Witajcie, jestem nowa na muratordom. Z mężem stoimy przed decyzją kupna domu, nie mamy zbyt dużo funduszy więc w grę wchodzi kupno mieszkania lub starego domu.

Mamy jeden dom na oku ale nie wiem czy się opłaca go kupić i remontować. Dom ma około 20lat, w tym od 6 lat nikt tam nie mieszka. Jest zbudowany z cegły hadykówki i ma steropian w murze. Wygląda na suchy, ale nie mam pewności. Obawiam się tego że po tych 6 latach mogło się wiele zepsuć-zawilgocić. Pod dachem jest położona wełna, centralne ogrzewanie założone, rury stalowe grzejniki nowe. Podobno jakieś rury pękły w zimie w kotłowni więc pewnie cała instalacja jest do wymiany. Dom jest wytynkowany, ma położone panele na dole, góra nie wykończona. Wszystko wygląda na zaniedbane ale nie w tragicznym stanie.

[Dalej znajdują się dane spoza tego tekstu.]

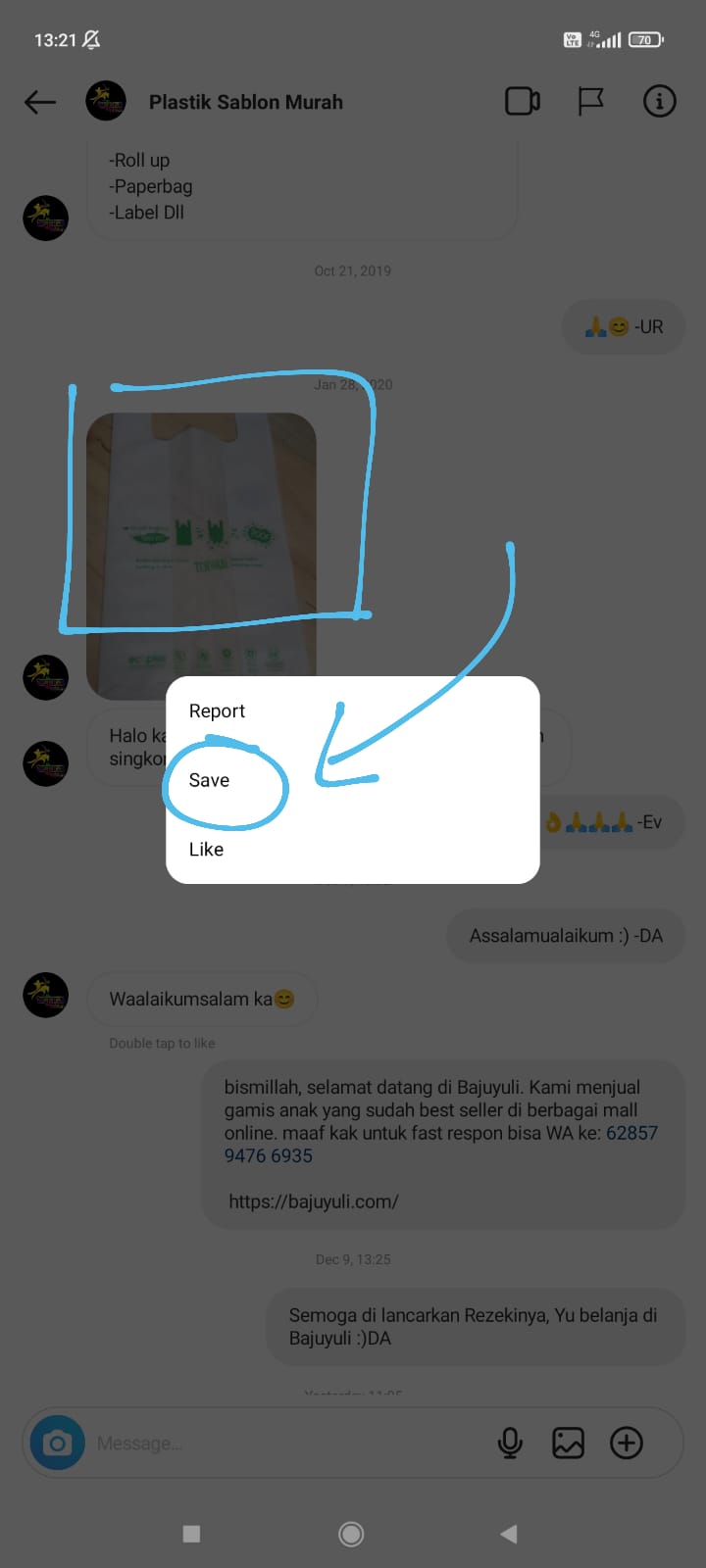 Cara Simpan Foto dari DM Instagram - Tongbos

I teraz moje pytanie czy wiele rzeczy może być do poprawy po 6 latach nie mieszkania? Tynki mogą być do wymiany? trzeba jakoś osuszać ten budynek? nie mam bladego pojęcia co tam trzeba będzie zrobić. Cena też nie jest za niska bo 200tys zł ale duża działka , no i dom nie stary częsciowo wykończony. Tylko własnie dylemat ile trzeba w to jeszcze włożyć.